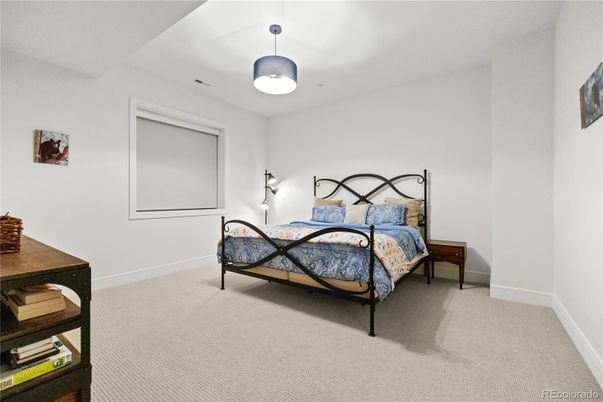 Bedroom, Interior, Pendant Lights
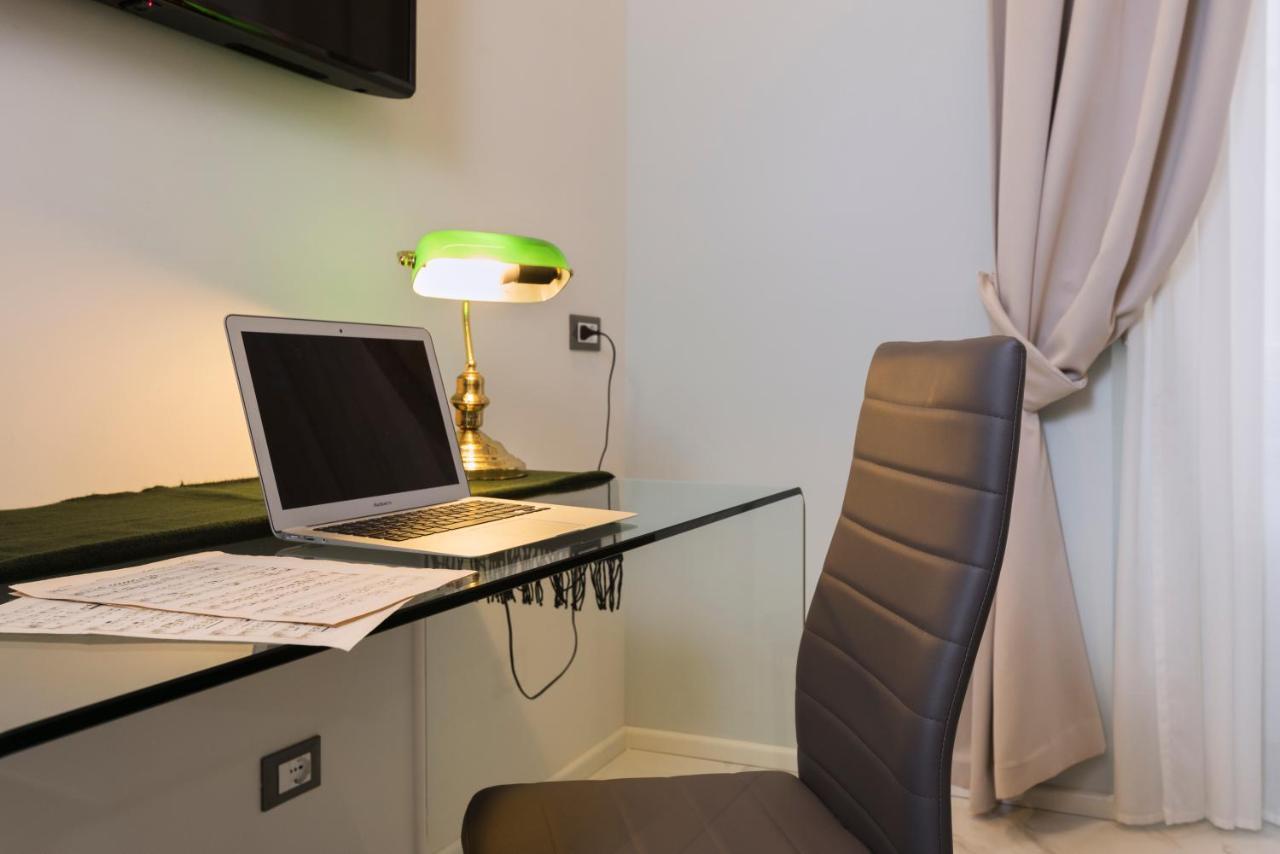 Cavour Suites Guest House Rome Bagian luar foto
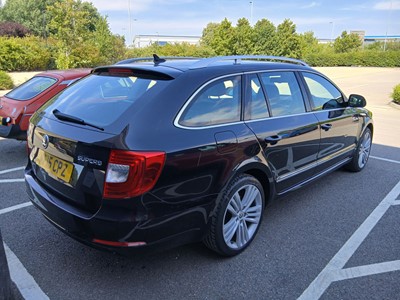 Lot (MF15 CPZ) 2015 Škoda Superb Elegance TDI CR...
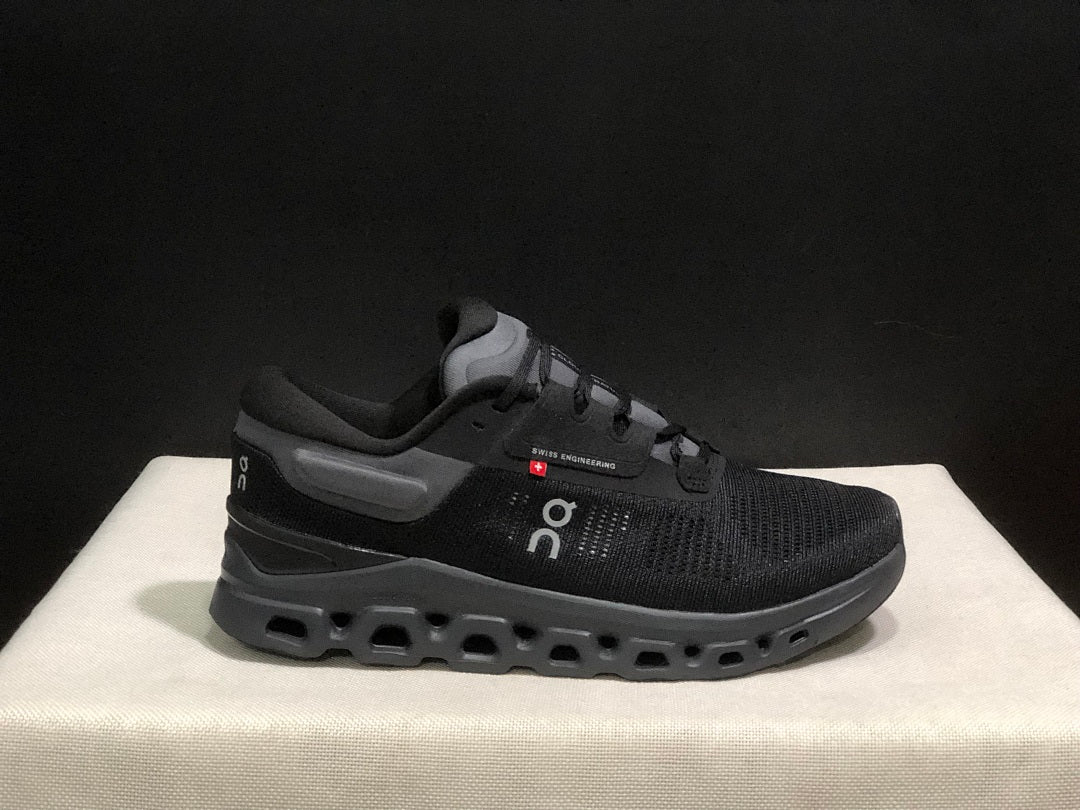 On Cloudstratus 3 Running Shoes in Black - product image from the listing.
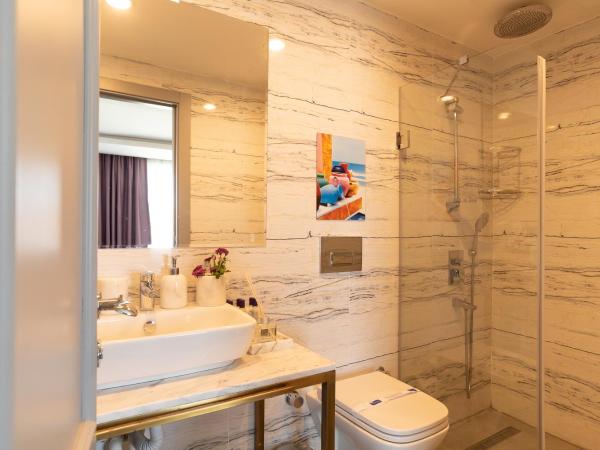 Malta Bosphorus Hotel : photo 3 de la chambre chambre double deluxe - vue latérale sur mer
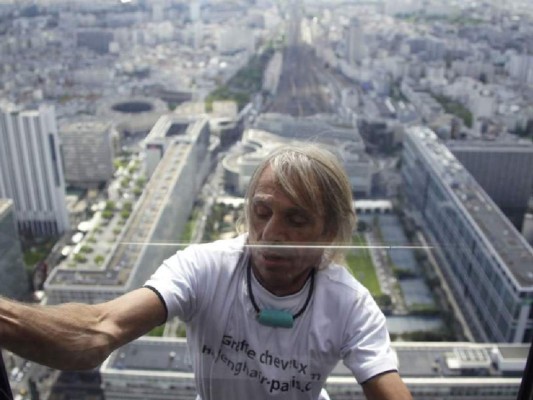 'Spiderman Francés' detenido al intentar escalar torre de 555 metros en Corea del Sur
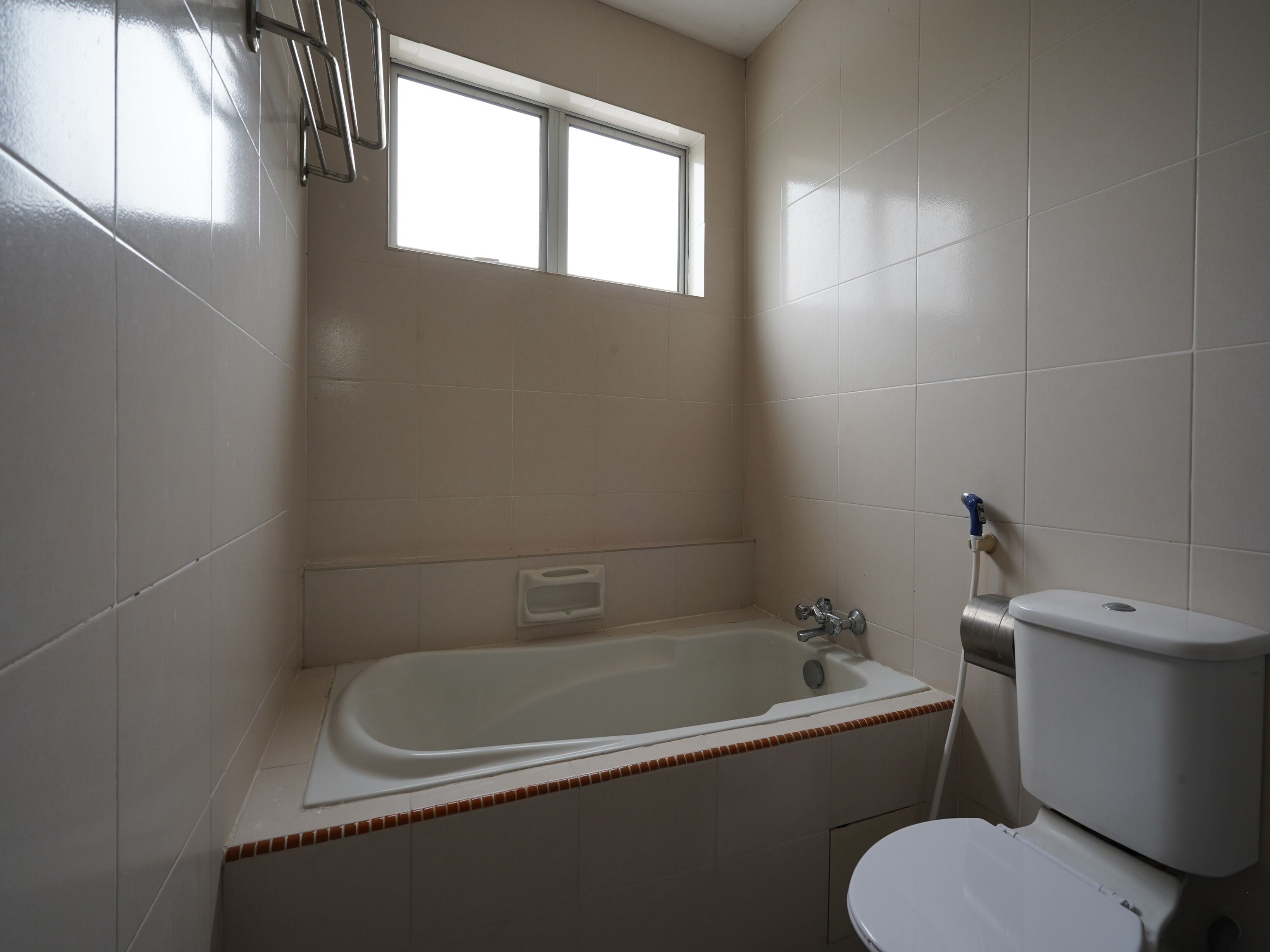 Suite prèmium | Bany | Dutxa, capçal de dutxa tipus cascada i articles de tocador gratuïts 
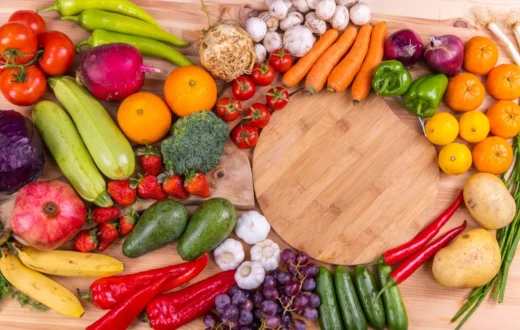 Ilustrasi piring berisi buah dan sayur segar untuk membantu menjaga kesehatan jantung secara alami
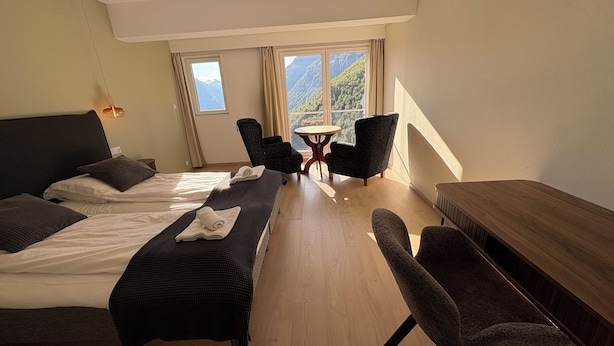 A hotel room with two beds, a small table, and two chairs. - Hotel Videseter (Stryn)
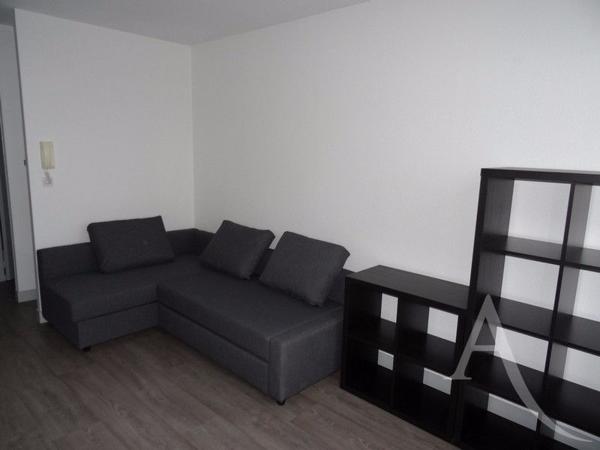 Studio meublé calme, lumineux et sans vis-à-vis Bourges Sud !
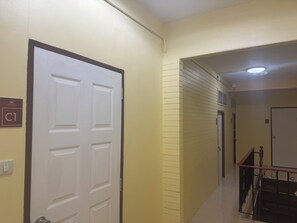 Large Box (Sleep 3) | Free WiFi, bed sheets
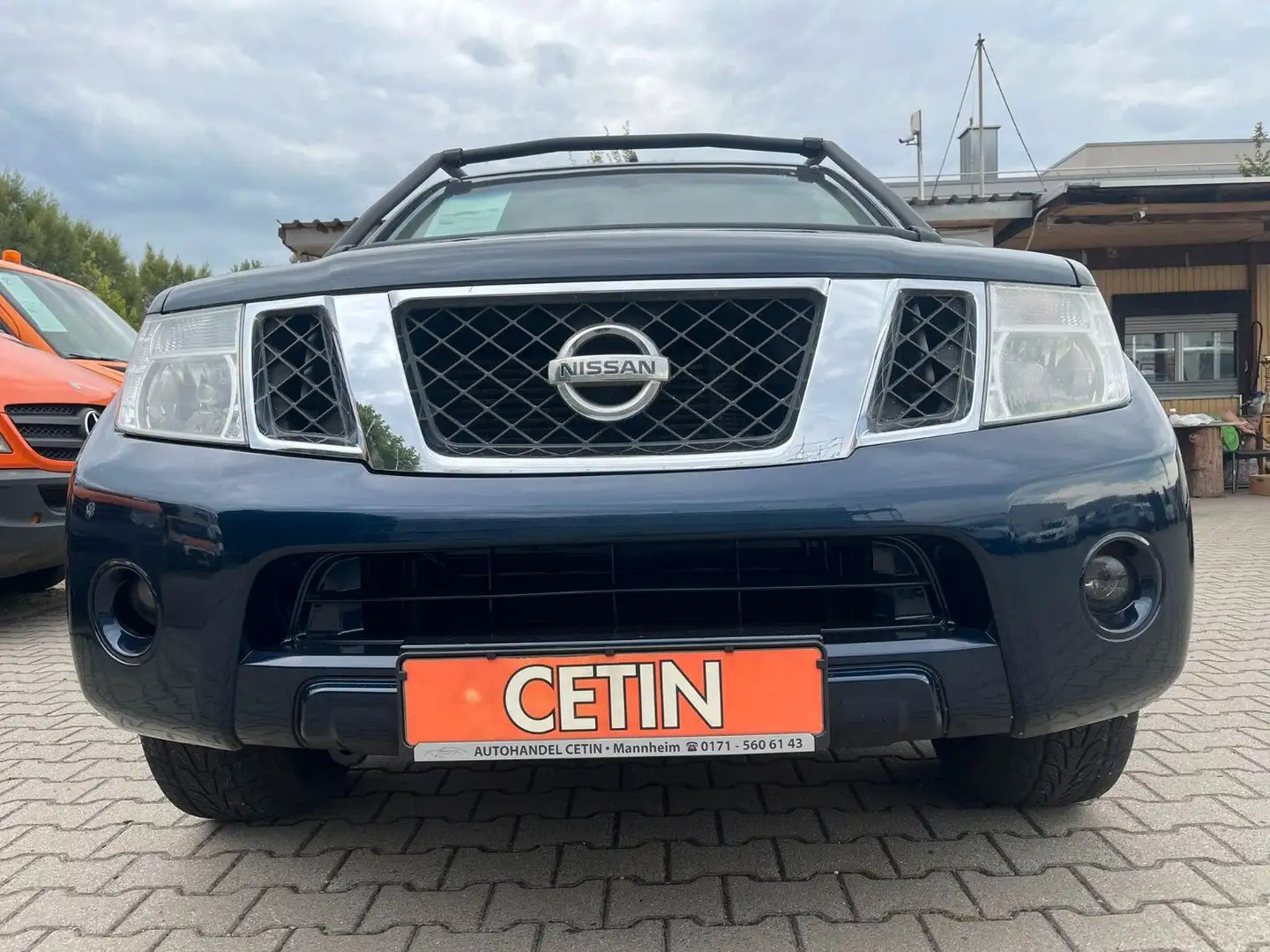 Nissan Navara Pickup Double Cab XE 4X4 Blau - 2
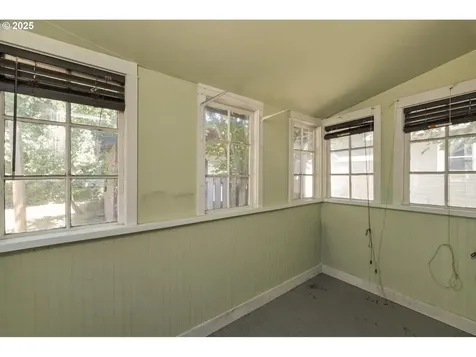 3955 SE Kelly Street Portland OR 97202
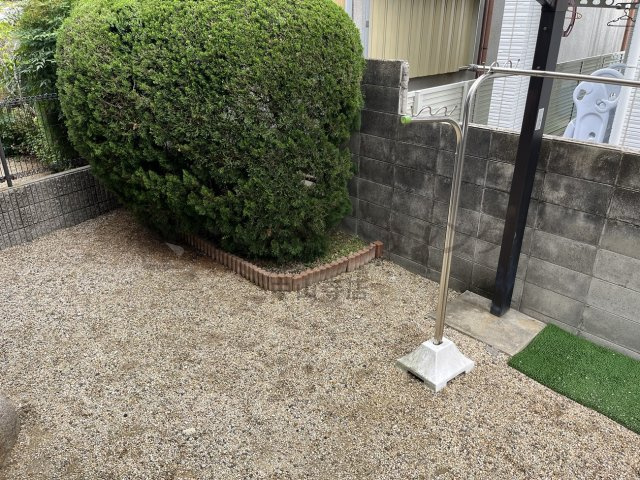 セントポーリア鴻池の庭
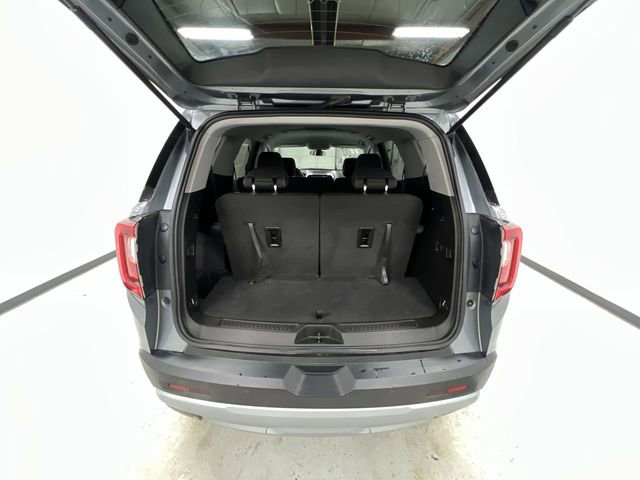 Used 2020 GMC Acadia SLE image 25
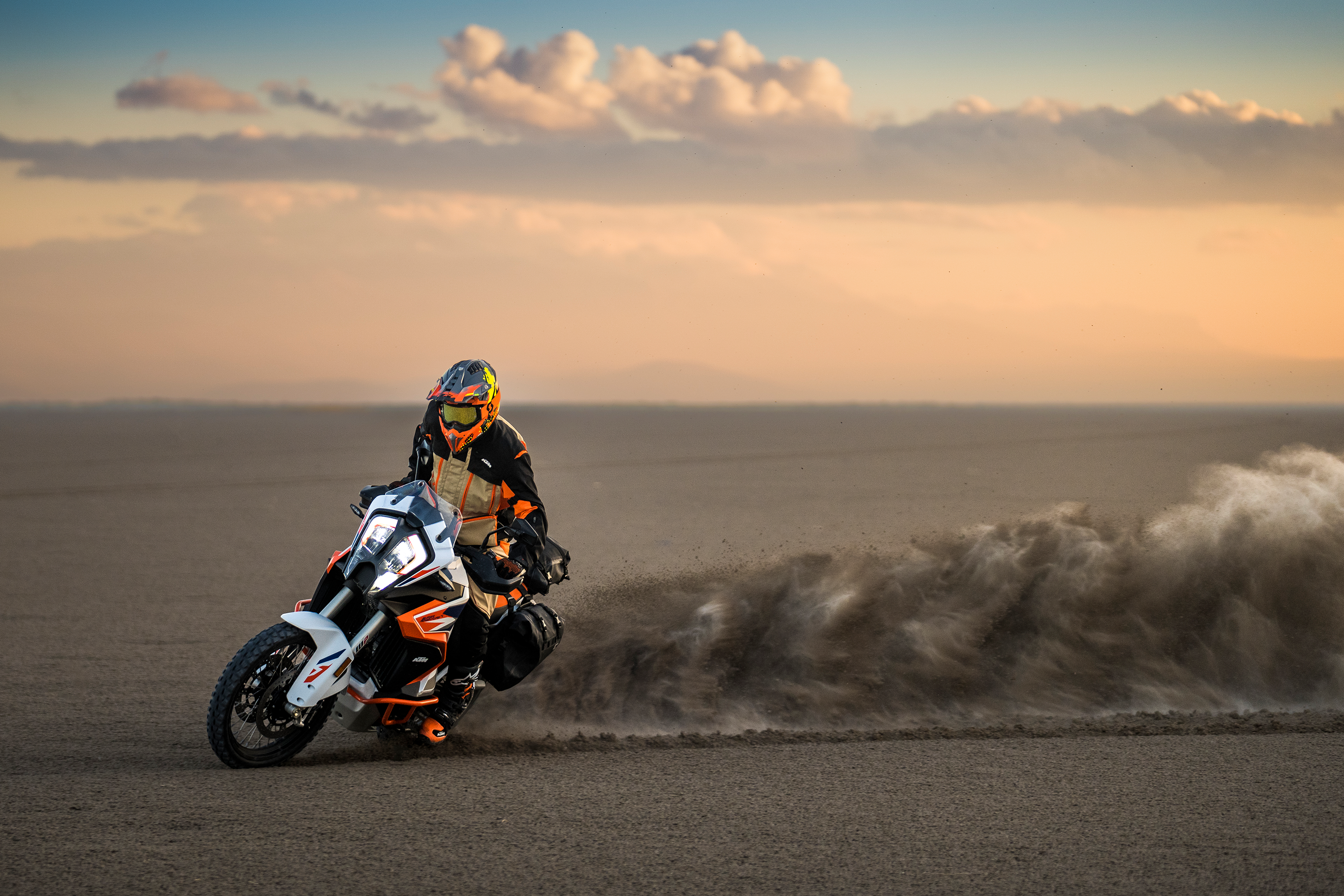KTM TO RACE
═══
### Task prompt
From the material above, reproduce only what runs from the line holding "Cavour Suites Guest" down to the line holding "Ilustrasi piring berisi", both included, pictures excluded.

### Answer below
 Cavour Suites Guest House Rome Bagian luar foto
 Lot (MF15 CPZ) 2015 Škoda Superb Elegance TDI CR...
 On Cloudstratus 3 Running Shoes in Black - product image from the listing.
 Malta Bosphorus Hotel : photo 3 de la chambre chambre double deluxe - vue latérale sur mer
 'Spiderman Francés' detenido al intentar escalar torre de 555 metros en Corea del Sur
 Suite prèmium | Bany | Dutxa, capçal de dutxa tipus cascada i articles de tocador gratuïts 
 Ilustrasi piring berisi buah dan sayur segar untuk membantu menjaga kesehatan jantung secara alami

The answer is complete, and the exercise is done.